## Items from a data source
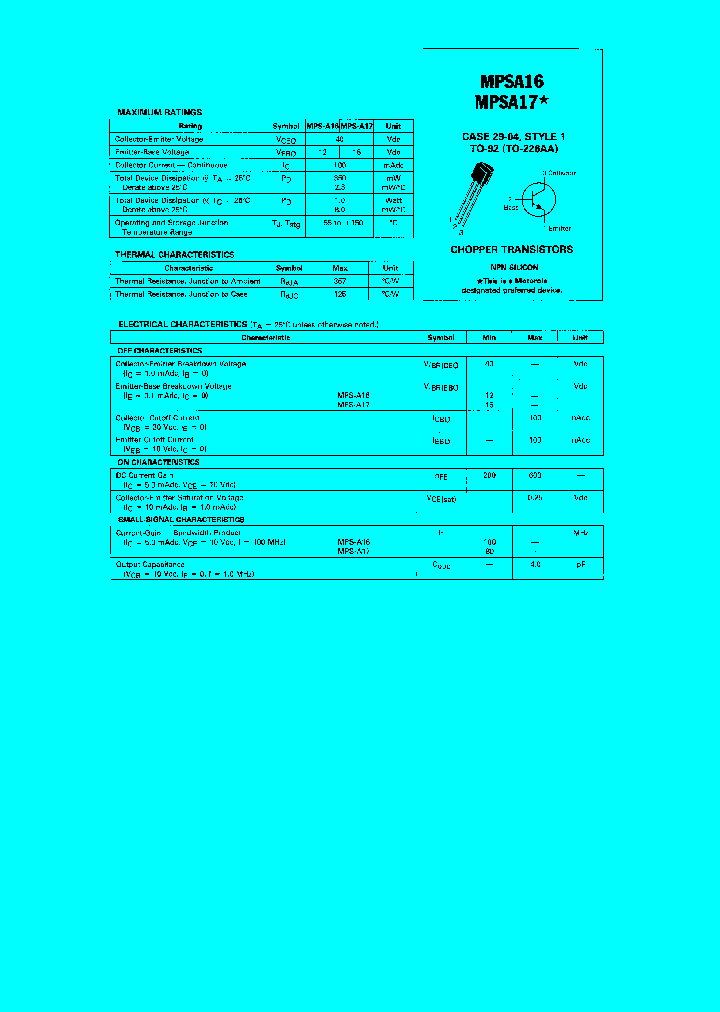 MPSA17_1718525.PDF Datasheet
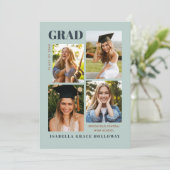 Mint Grad Announcement With Photos Kaart (Staand voorkant)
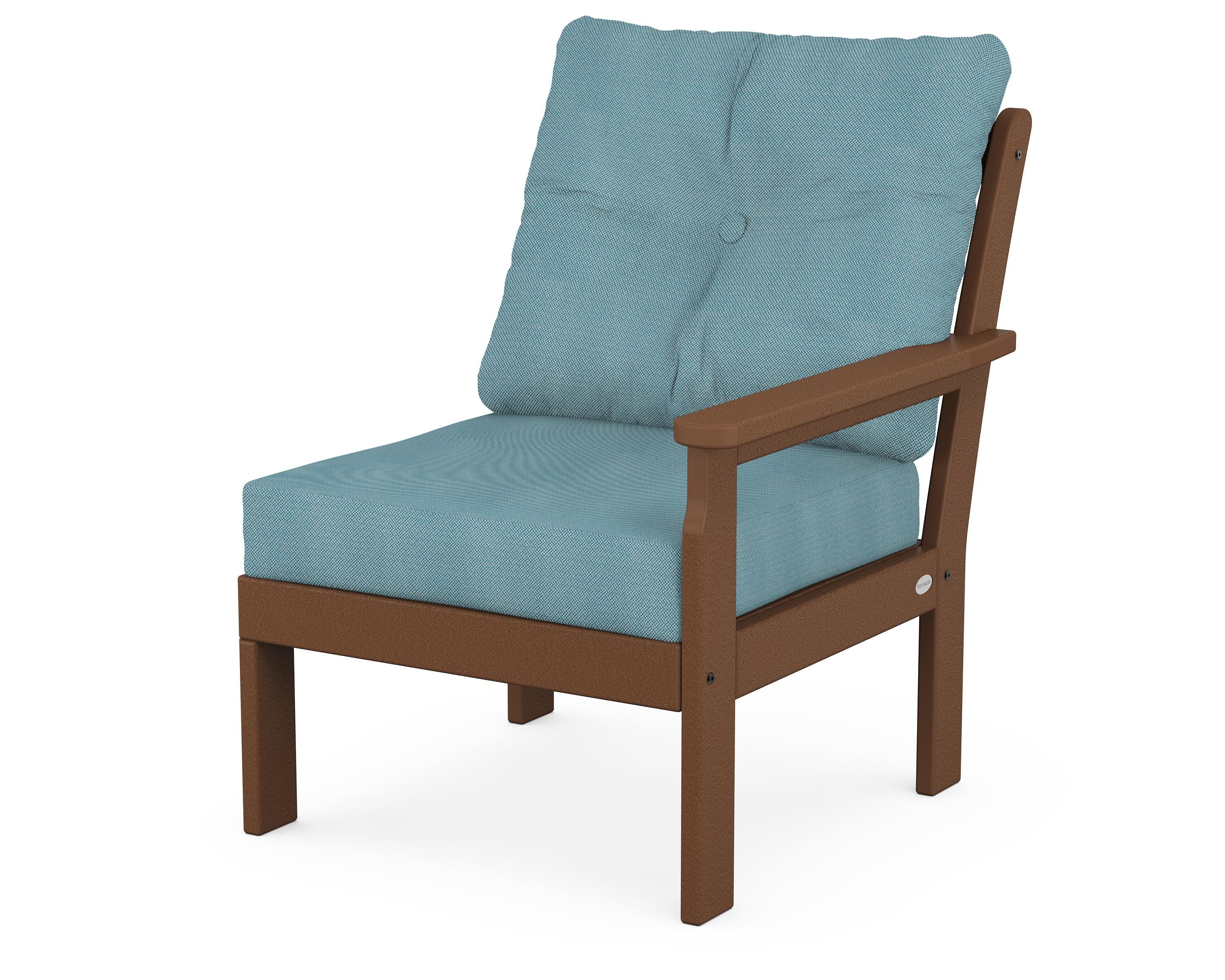 POLYWOOD® Vineyard Modular Right Arm Chair in Teak / Lattice Sky Blue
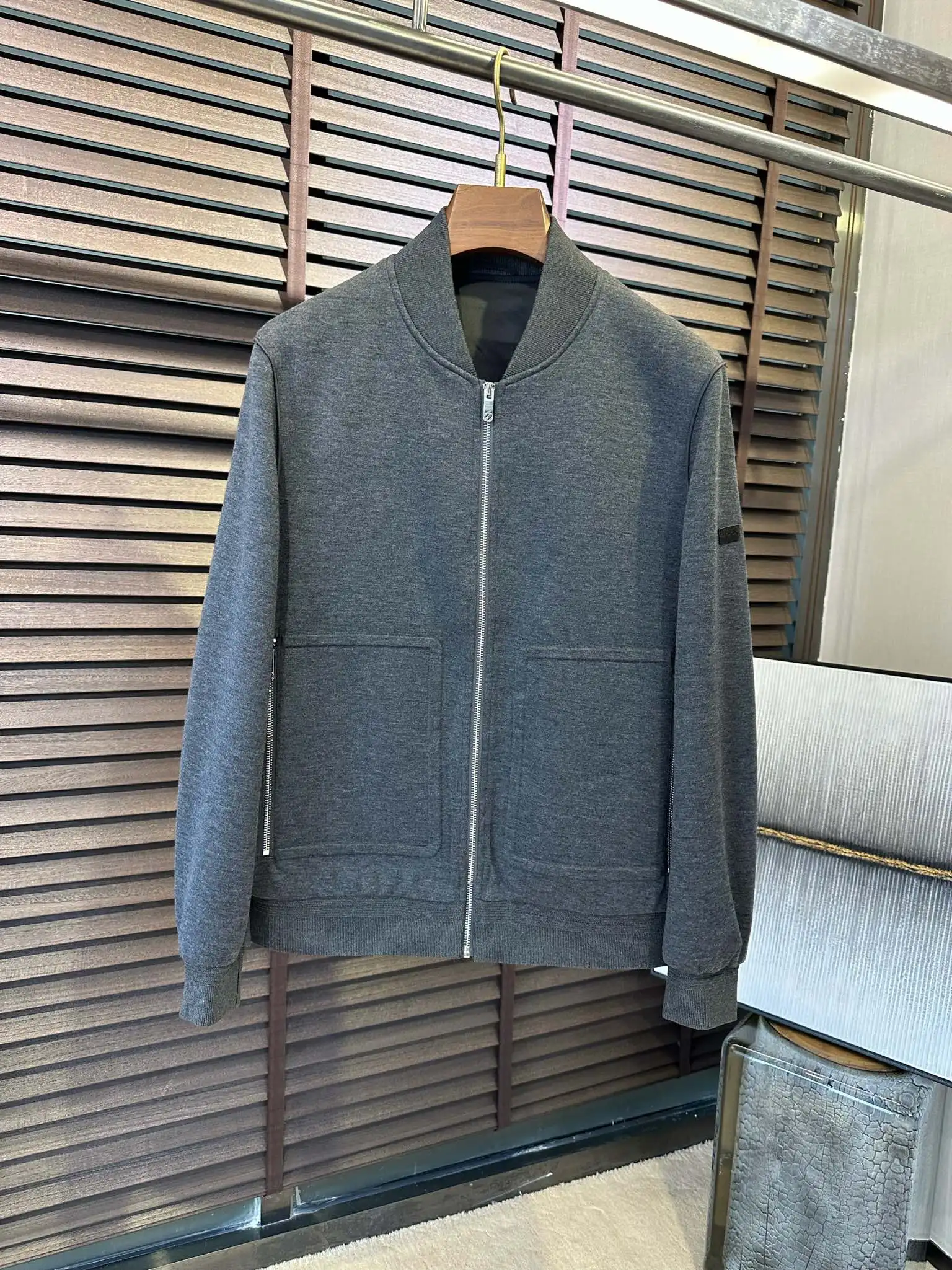 2024 DIKU новинка года куртка с Бейсбольным воротником изготовлена из смешанной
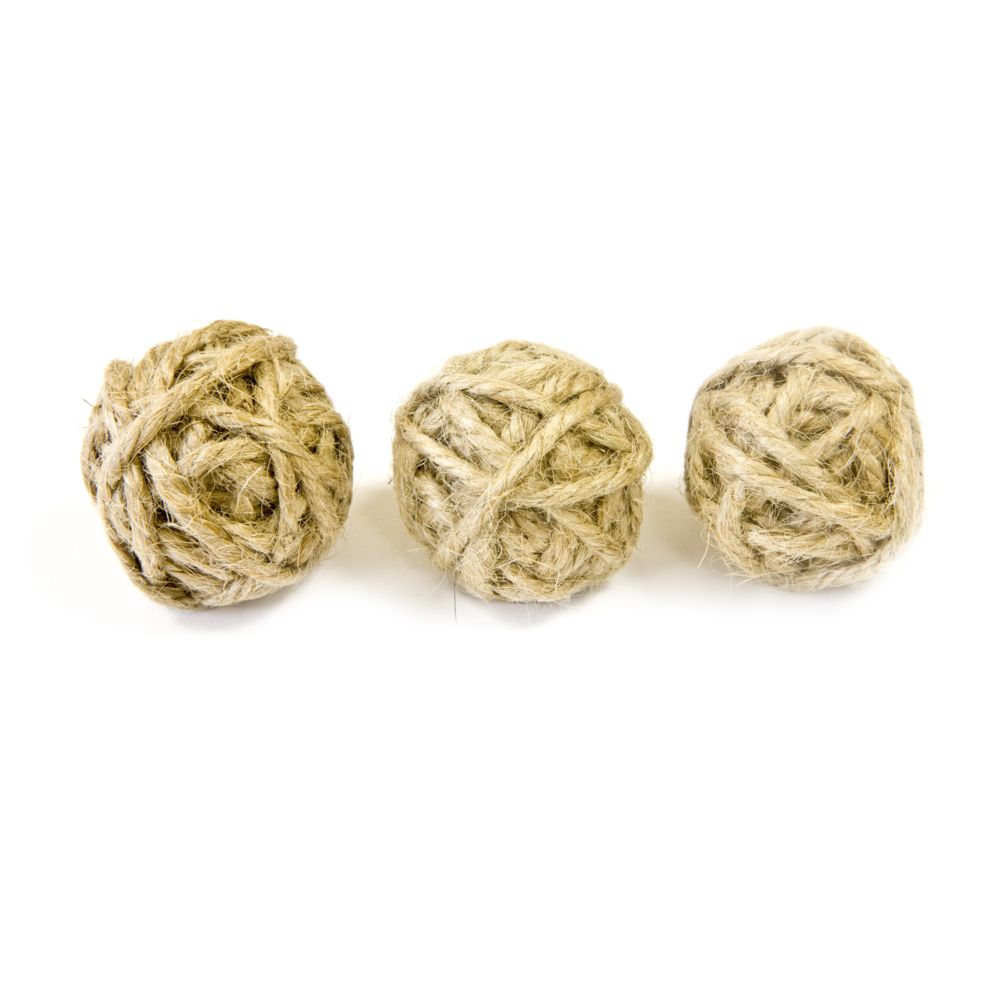 Visiodirect - Lot de 60 boules de corde coloris naturel - 6 cm - Objets déco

## Work to be completed
When you reach the line that contains "2024 DIKU новинка", start reproducing, and continue word for word to the end of the records; skip all pictures.

## Task answer
 2024 DIKU новинка года куртка с Бейсбольным воротником изготовлена из смешанной
 Visiodirect - Lot de 60 boules de corde coloris naturel - 6 cm - Objets déco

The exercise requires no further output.